Conventional roller bearing three-piece trucks have been standard railway industry equipment, especially in freight service, for many years. Such recent developments as higher center of gravity cars, heavier load limits and higher car operating speeds have resulted in significantly increased average and peak axle loads which are of particular significance as regards truck tracking performance. For example, in instances where a conventional three-piece truck is traveling on curved track, the conical wheels may not track around the curve but rather may have a tendency to slide on the rail head with severe flange rubbing. Such sliding, especially with large axle loads, can result in undue wear of the truck wheels and track components, and lateral track misalignment among other adverse consequences.

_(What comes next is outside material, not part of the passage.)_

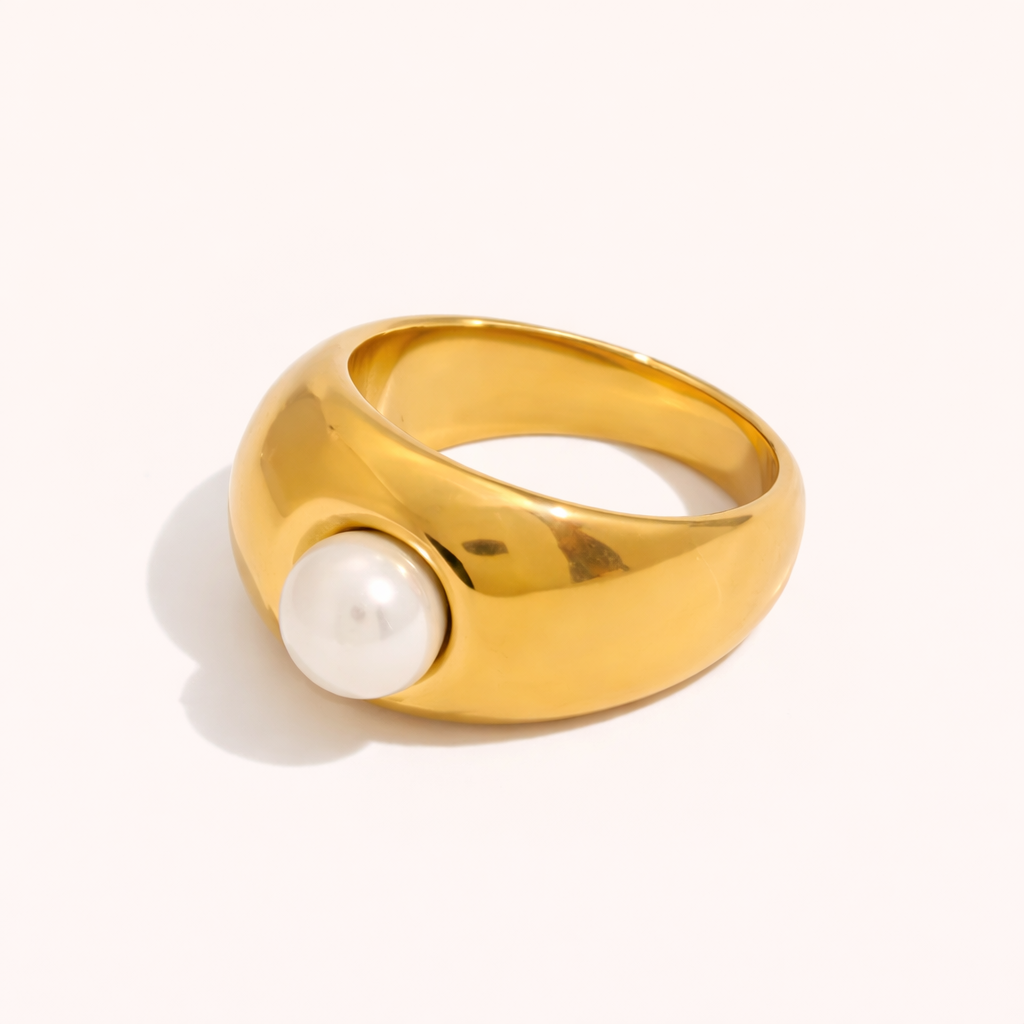 Chunky gold dome ring set with a single pearl, shown at an angle on a cream backdrop — Elka RING.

The art describes a variety of truck arrangements, often referred to as steering trucks, which are intended to permit the truck wheelsets to track without experiencing sliding or undue flange rubbing in curves. For example, Report No. 5576-78, issued in November, 1978 by the Department of Research--Canadian Pacific Limited, describes several such trucks.
Examples of other art which may be germane to steering truck arrangements are U.S. Pat. Nos. 4,202,276; 4,173,933; 4,170,179; 4,166,611; 4,151,801; 4,136,620; 2,134,343; 4,064,069; 3,948,188; 3,528,374; 3,517,620; 3,254,610; 2,956,515; 2,908,233; 2,756,688; 2,722,791; and 2,207,848.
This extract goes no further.